Introduction
Apologies if this is already covered ad nauseaum, but I haven't been able to find an example matching my needs. Here's an overview of what I'm trying to accomplish:
I have text files (albeit with non-.txt extensions) generated as exports from proprietary software that I would like to parse into a tibble for management and analysis, then parse back into the native format to upload any changes. These files have a consistent structure, similar to that of JSON/XML/HTML; ideally, they could be harvested/scraped in the same way one would with a website, but I have a feeling that's too ambitious for my current needs.

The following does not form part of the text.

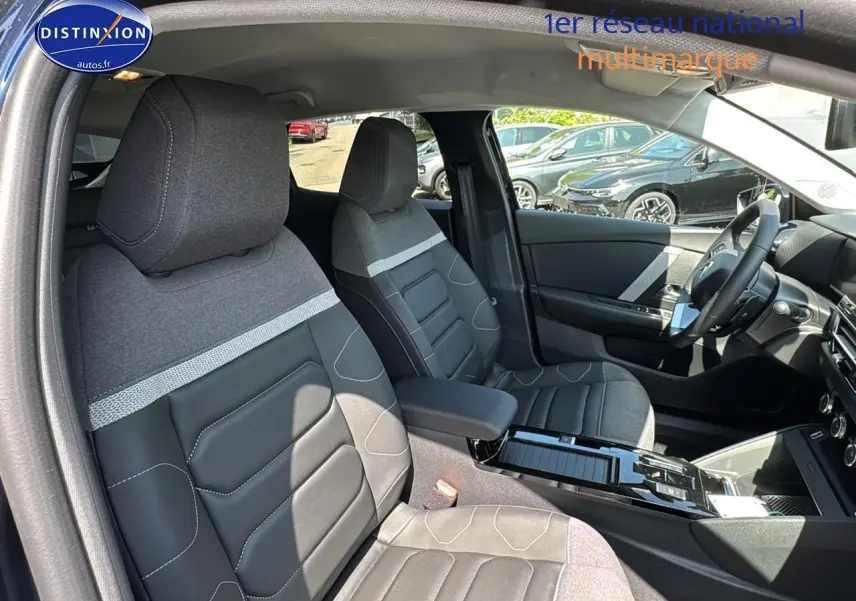 Intérieur de la Citroën C4 1.5 BlueHDi 130, vue côté gauche, sièges bi-matière gris et noir avec accoudoir central.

RegEx has gotten me only so far, and I have a feeling there's a better/efficient way to do this. Can anyone help identify a method or strategy? Examples below:
CSV/JSON-Like Document:
There are two 'components' in the following sample text that exemplify the entire document:
[ProcedureOfOrigin,Export
(CatalogType,
[ComponentReference,Add
(IsActive,TRUE)
(ComponentProperties,
[CatalogDocument,Find
(Name,"Foo")
(ScopeOfFunction,"1")
(DocumentType,"0")
])
(DocumentProperties,
[DocumentSubType,Find
(Description,"Foo Document for Production")
(Name,"Foo Document")
])
])
]
[ProcedureOfOrigin,Export
(CatalogType,
[ComponentReference,Add
(IsActive,TRUE)
(ComponentProperties,
[CatalogDocument,Find
(Name,"Bar")
(ScopeOfFunction,"1")
(DocumentType,"0")
])
(DocumentProperties,
[DocumentSubType,Find
(Description,"Bar Document for Production")
(Name,"Bar Document")
])
])
]
When considered as a Template, I'm looking for values after almost every comma:
[Variable1,Value1
(SubSection1,
[Variable2,Value2
(Variable3,Value3)
(SubSection2,
[Variable4,Value4
(Variable5,"Value5")
(Variable6,"Value6")
(Variable7,"Value7:")
])
(SubSection3,
[Variable8,Value8
(Variable9,"Value9")
(Variable10,"Value10")
])
])
]
Desired Output for the JSON/CSV-Like Document:
ProcedureOfOrigin | ComponentReference | CatalogDocument | Name | ScopeOfFunction | DocumentType |
---|---|---|---|---|---|
Export | Add | Find | Foo | 1 | 0 |
Export | Add | Find | Bar | 1 | 0 |
XML/HTML-Like Document:
The other exported file has a template like the following:
Section1.0:
SubSection1.1: Value1;;
SubSection1.2: Value2;;
SubSection1.3: Value3;;
SubSection1.4: Value4;;
SubSection1.5: Value5;;
SubSection1.6: Value6;;
SubSection1.7: Value7;;
SubSection1.8: YYYY-MM-DD;;
SubSection1.9: Value9;;
Section2.0:
SubSection2.1: This can be a very large block of text with /* Comments in between */
;;
SubSection2.2: Same thing for this and the rest of the following sections.
;;
SubSection2.3: /****** Comments can sometimes take this form *****/
;;
SubSection2.4: And so-on.
;;
Section3.0:
SubSection3.1: Usually a two-word-phrase;;
SubSection3.2:
/* These comments can be OBNOXIOUS
and be multi-
line
With any characters in them
Less important for me to have in general */
;;
Section4.0: Integer
;;
Section5.0: Block of Text
;;
Section6.0: If-Then Statements + Conclusions.
;;
Section7.0:
;;
Section8.0: Integer;;
Section9.0: End-of-Document
Desired Output for XML-Like Document:
Each Section would be its own tibble (think Normalized Relational Database).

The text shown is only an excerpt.